In an interview Kaliati said: “Our president said he was not comfortable with the party youths who followed us to the venue carrying placards, so he suggested that we call it off.”
In a statement read out at the briefing, Njawala said Chilima would not have wished that his death should kill the values and ideals he stood for.
The statement adds that Chilima did not join the alliance out of foolishness or naivety but out of patriotism.
Njawala also urged the government to conduct an independent commission of inquiry into the plane crash saying that UTM expects to be consulted during the constitution of the commission.
Meanwhile, a political commentator George Phiri said in an interview that it was highly anticipated that the alliance would crumble as there was no transparency in the way it was governed while alliance partners were side-lined in decision-making.
Another political commentator Ernest Thindwa said: “It is not surprising that the party’s central executive committee has resolved to terminate the alliance saying the working relationship between UTM and MCP has not been the best of engagements even before the demise of SKC. It was a matter of when, and not if.”
Another commentator Humphrey Mvula wondered if UTM had taken a calculated decision.
He said: “Should they have a little more to weigh options going into the unknown future?

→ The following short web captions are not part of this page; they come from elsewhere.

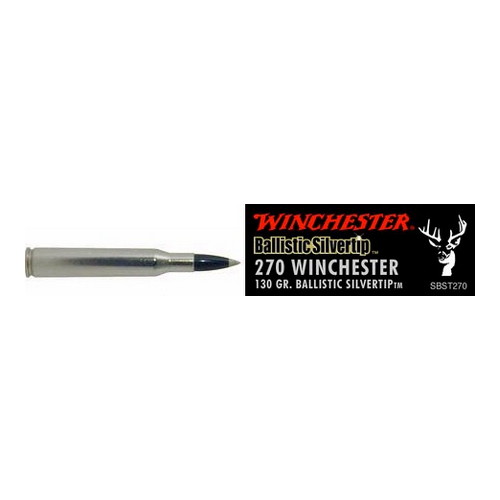 WINCHESTER SUPREME 270 WIN 130GR SILVER-TIP 20RD 10BX/CS - for sale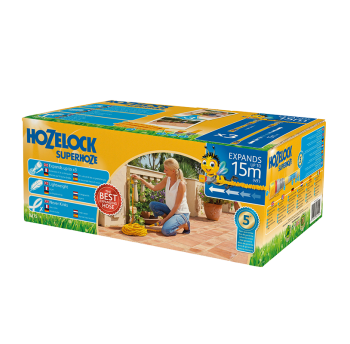 Шланг 15 м розтяжний Superhoze + конектори Hozelock 8215  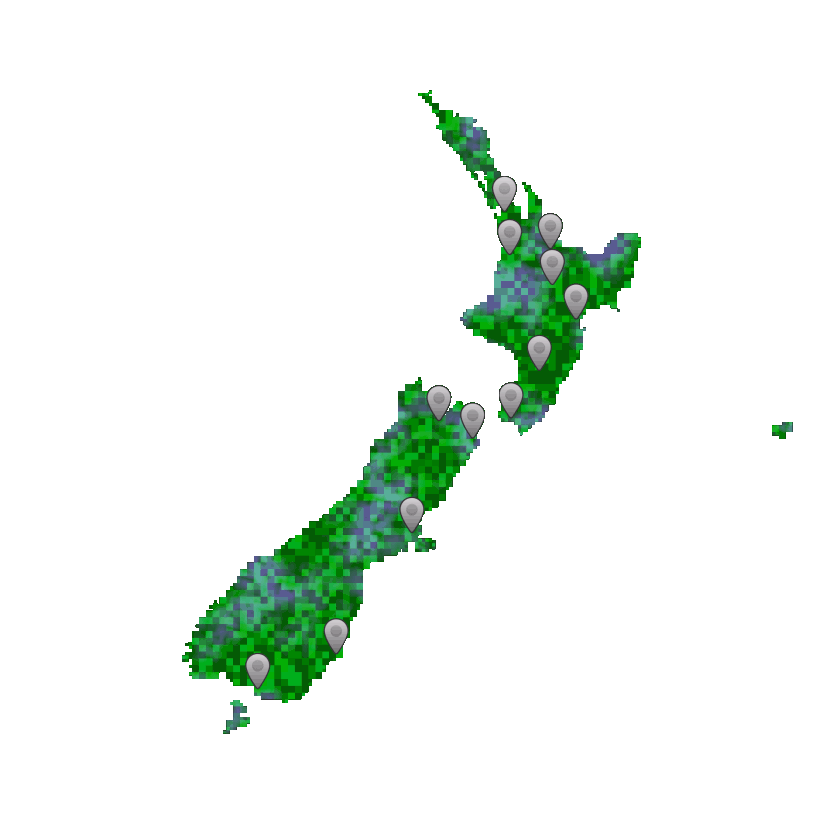 New Zealand Map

What will happen to Vice-President Dr. [Michael] Usi, the two Cabinet ministers and what about some of their UTM colleagues in the public service? For the moment, probably we should play the wait-and-see game.”
In 2022, Chilima declared that he was next in line as the 2025 Tonse Alliance presidential candidate in keeping with the pact he and MCP president Lazarus Chakwera signed.

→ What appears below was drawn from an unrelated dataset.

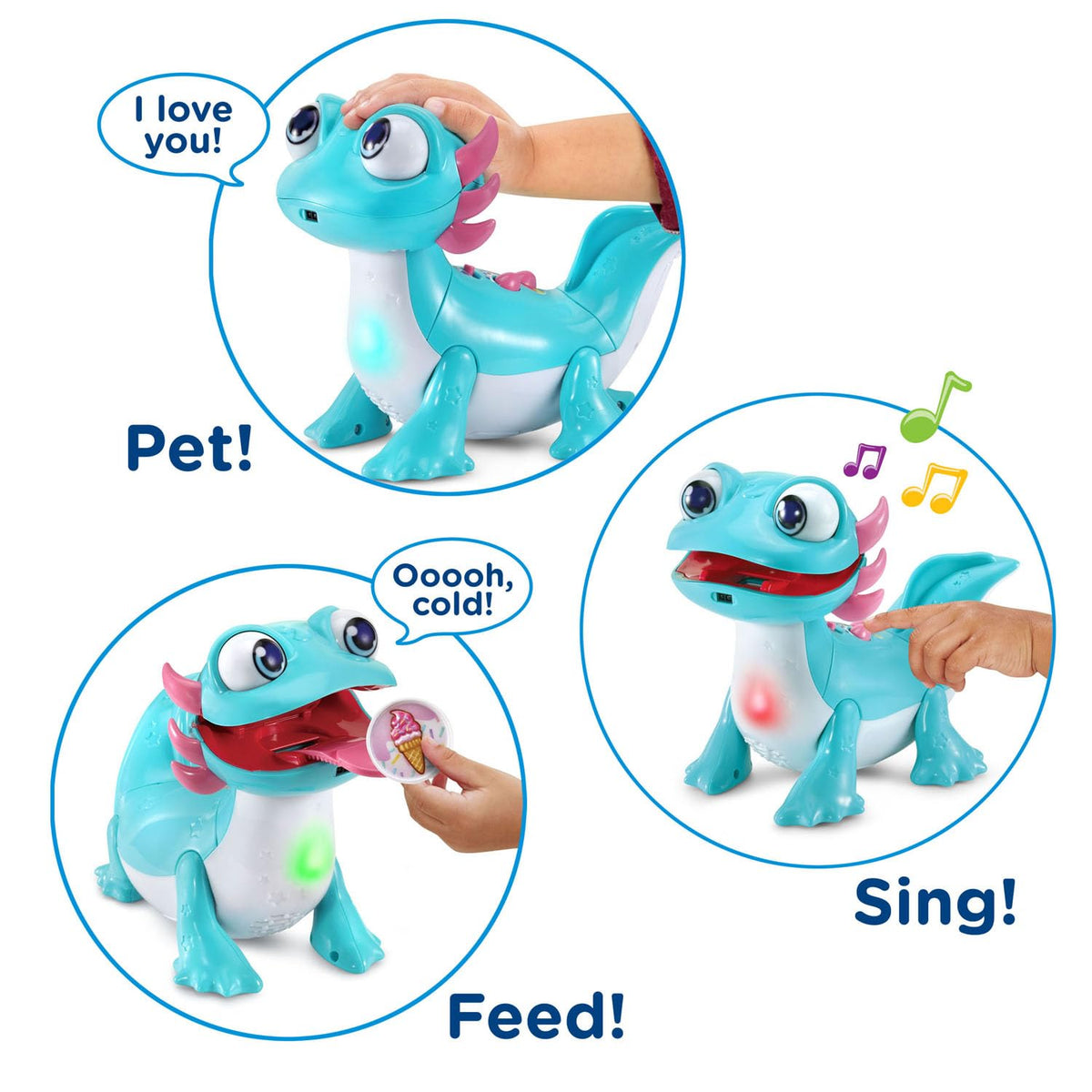 VTech Sandy Snacks-a-Lot shares thoughts on foods with color and flavor.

He pointed out that any departure from the agreement amounts to political fraud, especially on the popular will that mandated the alliance.
The late vice-president stated that Clause 2 of the agreement stipulates 11 guiding principles that include transparency, good faith, national interest, unity and togetherness, good governance, non–discrimination, mutual trust, mutual respect, integrity, consultation and consensus.
Chilima said: “That subject to the decision of the national executive committees or conventions, as the case may be, of the UTM and the Malawi Congress Party, the presidential candidate during the fresh presidential election of 23 June 2020 shall not be the presidential candidate during the immediate next election and shall cede the candidacy to the running mate in the fresh presidential election of June 23 2020.”
At the time, MCP issued a statement to the effect that it did not have in its possession any document that stipulates or points to the sharing of terms between Chakwera and Chilima.
The two leaders first met to talk about the alliance on July 7 2022 when they resolved to put their differences aside in the spirit of good governance.
But in the recent past, a growing number of senior MCP officials have endorsed Chakwera’s candidacy in the 2025 presidential elections and a few months ago Chakwera himself declared interest.